Personal information
- Born: November 10, 1942 Detroit, Michigan, U.S.
- Died: September 22, 2025 (aged 82)

Career information
- Position: Running back
- College: Iowa

Career history

Coaching
- Waterford Kettering HS (MI) (1966–1969) Assistant coach; Martin Luther King HS (MI) (1970–1973) Head coach; Eastern Michigan (1974–1977) Running backs coach; Boston College (1978–1980) Running backs coach; New England Patriots (1981) Offensive backfield coach; New England Patriots (1985) Offensive backfield coach; New England Patriots (1986–1992) Offensive backfield coach/running game coordinator;

Operations
- New England Patriots (1982–1985) Scout; New England Patriots (1993–1995) Director of pro scouting; New England Patriots (1995–1997) Director of player personnel; New England Patriots (1997–2000) Vice president of player personnel; Houston Texans (2000–2012) Associate director of pro scouting; Houston Texans (2012–2016) Senior personnel advisor; Miami Dolphins (2017–2025) Consultant;
- Executive profile at Pro Football Reference

= Bobby Grier (American football executive) =

American football executive (1942–2025)

Bobby Grier (November 10, 1942 – September 22, 2025) was an American professional football executive and coach in the National Football League (NFL).

==Early life==
Grier was born in Detroit on November 10, 1942, and graduated from Eastern High School. He attended the University of Iowa, where he played running back for the Hawkeyes from 1961 to 1964. Grier was a three-year starter and a two-time Honorable Mention All-Big Ten selection, and he graduated with a bachelor of science degree in physical education.

==Coaching career==
===High school===
Grier began his coaching career in 1966 as an assistant coach at Waterford Kettering High School in Waterford, Michigan. He then served as the head coach at Detroit's Martin Luther King High School from 1970 to 1973, where his 1973 team captured the city championship with a 9-1 record.

===College===
In 1974, Grier moved to the college ranks, serving as running backs coach at Eastern Michigan University for head coaches George Mans and then Ed Chlebek through 1977. He followed head coach Ed Chlebek to Boston College in 1978, becoming the school's first full-time black assistant coach through 1980. In January 1981, Grier was named the offensive backfield coach at Northwestern University under head coach Dennis Green.

===NFL===
Two months later, Grier took the same job with the New England Patriots. He was the team's first black coach since 1966. The team finished 2–14 and the entire coaching staff was fired. He returned to the Patriots in July 1982 as a scout. He returned as Patriots offensive backfield coach in 1985 under head coach Raymond Berry. That year the Patriots running backs rushed for 2,331 yards, fourth best in club history, and made their first ever Super Bowl. In 1986 he was given the additional title of running game coordinator. Grier was retained by Rod Rust and Dick MacPherson.

==Executive==
When Bill Parcells became the Patriots head coach in 1993, Grier was moved to the personnel department as the Patriots' director of pro scouting. In 1995 he was promoted to director of player personnel.

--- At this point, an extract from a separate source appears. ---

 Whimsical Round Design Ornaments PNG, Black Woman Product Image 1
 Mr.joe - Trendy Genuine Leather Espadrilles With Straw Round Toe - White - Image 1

Following New England's 6–10 1995 season, Patriots owner Robert Kraft shifted control of football operations away from Parcells to Grier. In the 1996 NFL draft, Grier, with Kraft's blessing, selected Ohio State wide receiver Terry Glenn with the seventh overall pick over the wishes of Parcells, who wanted a defensive player. The team also used their fifth round pick on Christian Peter, who had a history of violence against women, without consulting NFL security. The Patriots released their rights to Peters 24 hours after The Boston Globe reported on his record. The Patriots made Super Bowl XXXI, however, Parcells, who was upset with losing his personnel powers to Grier, left for the New York Jets. Pete Carroll was hired to replace him and Grier was promoted to vice president of player personnel. As VP of player personnel, Grier was responsible for selecting draft busts Chris Canty and Sedrick Shaw, but also chose a number of players who produced well for the Patriots, including Damien Woody, Kevin Faulk and Tebucky Jones.

In 2000, Carroll was fired, and new head coach Bill Belichick was given the final say on personnel matters. Grier left the Patriots after the 2000 NFL draft. One of his final duties with the team was to perform extensive scouting work on Tom Brady, whom the Patriots selected in the sixth round of the draft.

In May 2000, Grier joined the Houston Texans, where he worked as Associate Director of Pro Scouting and senior personnel advisor until his retirement on May 1, 2016. Wade Phillips credited Grier as being instrumental in the team selecting J. J. Watt with the 11th overall pick in the 2011 NFL draft. In 2017, Grier joined the Miami Dolphins as a consultant.

==Personal life and death==
Grier was the father of former Miami Dolphins general manager Chris Grier, and San Jose Sharks general manager (and former National Hockey League player) Mike Grier.

Grier died on September 22, 2025, at the age of 82.